RAW DATA:
------------------------------------------------------------
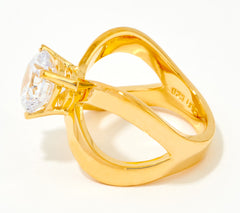 Diamonique x Kathy Levine Sterling Silver Goldclad Heart Icon Ring, Size 5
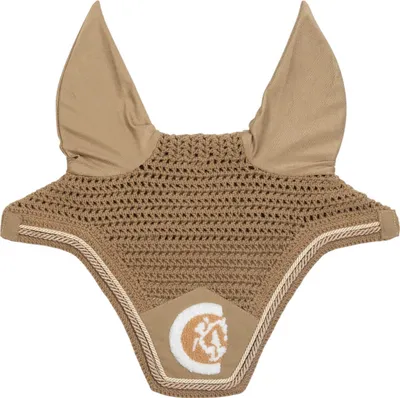 Produktbild von Kentucky Horsewear Fliegenmütze Wellington 3D Logo Rope Fliegenohren Beige Full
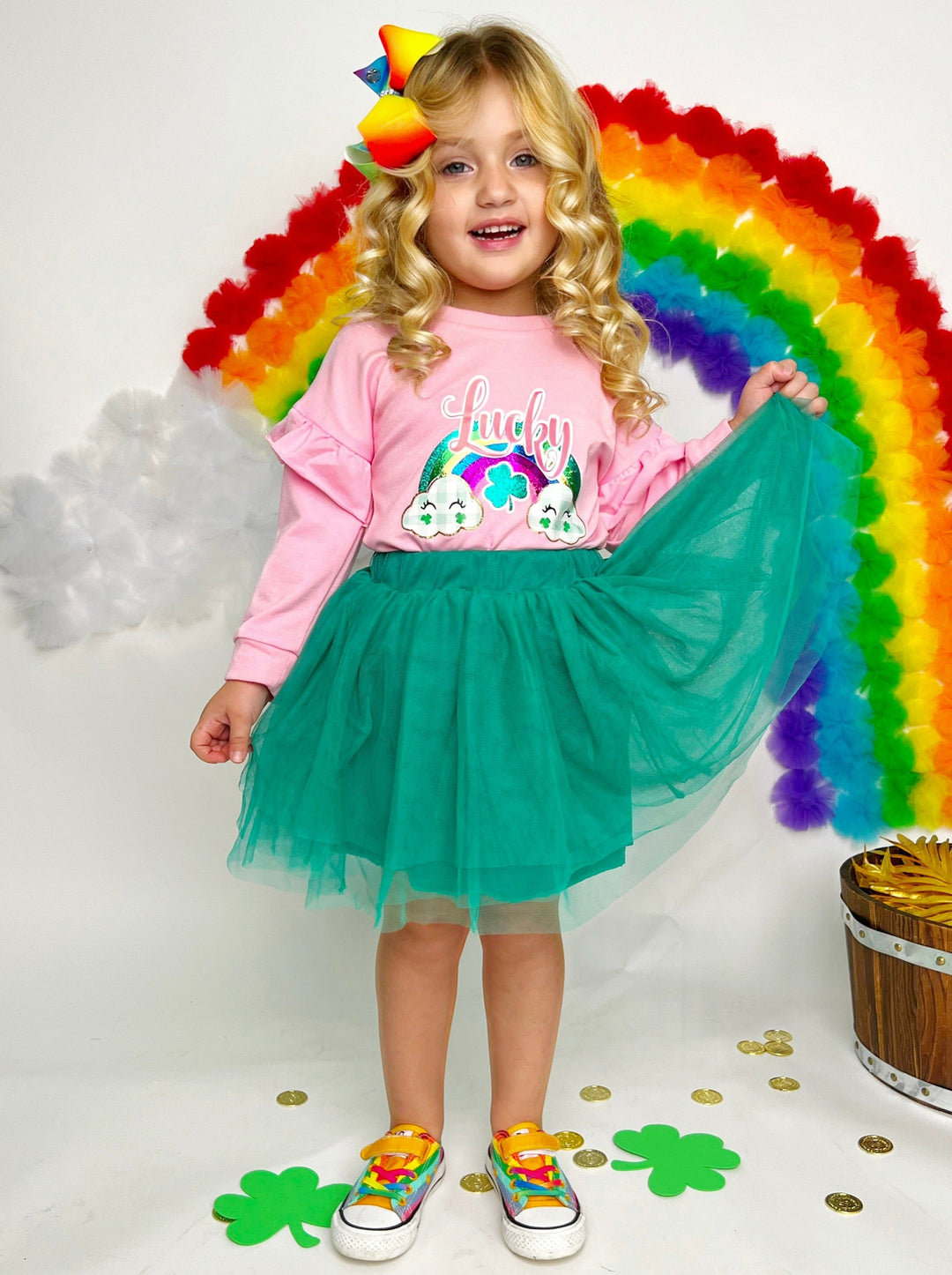 St. Patrick's Day Clothes | Girls Lucky Rainbow Ruffle Top & Tutu Set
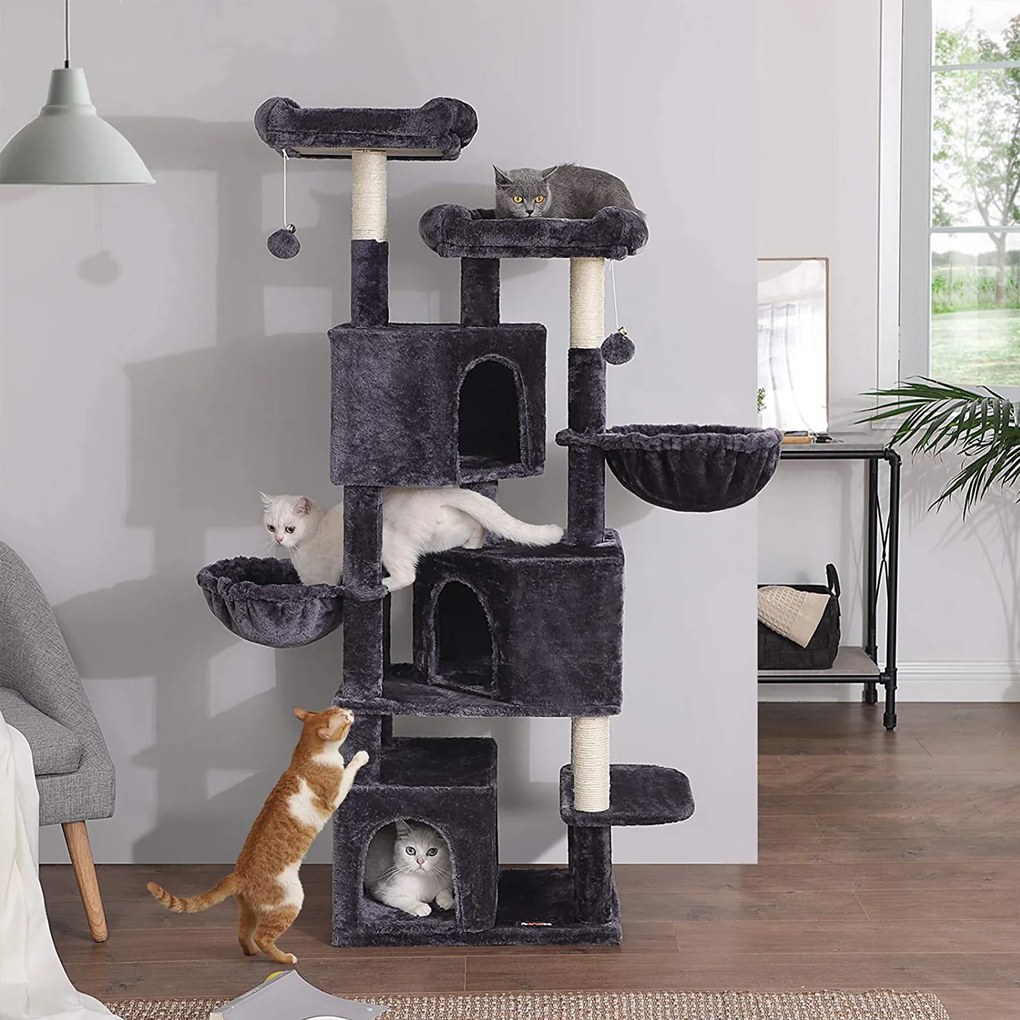 Arranhador para gatos com 3 grutas para gatos 55 x 40 x 164 cm Cinzento 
------------------------------------------------------------
WHAT IS EXPECTED: All of the material above is to be copied exactly, except for its images.

OUTPUT OF THE EXERCISE:
 Diamonique x Kathy Levine Sterling Silver Goldclad Heart Icon Ring, Size 5
 Produktbild von Kentucky Horsewear Fliegenmütze Wellington 3D Logo Rope Fliegenohren Beige Full
 St. Patrick's Day Clothes | Girls Lucky Rainbow Ruffle Top & Tutu Set
 Arranhador para gatos com 3 grutas para gatos 55 x 40 x 164 cm Cinzento 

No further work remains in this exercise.